Plans for a greenhouse began when the school was awarded $5,000 last year for being recognized as a Healthy School Champion by the Colorado Department of Education.
As the school began research into the safety and design requirements of a classroom-size greenhouse, though, the costs began to add up. The final cost came to about $20,000, said Chris Isgar, the schools nurse and a self-proclaimed garden enthusiast who has been involved with the project since it began.
School fundraisers made up the difference and bought the greenhouse from Pagosa Springs-based Growing Spaces. The structure is dome-shaped and is 22 feet in diameter. The clear panels are made of polycarbonate, an insulated form of plastic, and the design traps enough heat for plants to grow without a heat source.
The greenhouse is a continuation of the outside gardens the school has had for three years, Isgar said. It complements the new health curriculum the school is piloting this year and fits nicely with science curriculum at the elementary level, she said.
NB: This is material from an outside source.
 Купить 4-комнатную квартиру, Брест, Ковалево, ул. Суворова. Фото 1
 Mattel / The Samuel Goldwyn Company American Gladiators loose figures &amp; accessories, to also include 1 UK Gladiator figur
The hands-on activities associated with the greenhouse also will allow students to take a break from classroom learning.
Escalante Middle School is the only other school in Durango School District that has a greenhouse, said Marty Kay Hutton, with 9-Rs communications office. Escalante started a greenhouse project in 2007 and began teaching gardening classes two years ago, said Sharron Orr, the schools gardening teacher. The class now produces food for different classes and the cafeteria. In the summer, Orr donates produce to Manna Soup Kitchen.
The learning experience in the greenhouse and garden touches both science and our stomachs, Orr said. Students get an understanding of the cycle of food and healthy eating, she said.
After Animas Valleys outside dome is built, the school will spend the next several months designing and installing plant beds. The plan is for a grand opening in the spring, Principal Lisa Schuba said.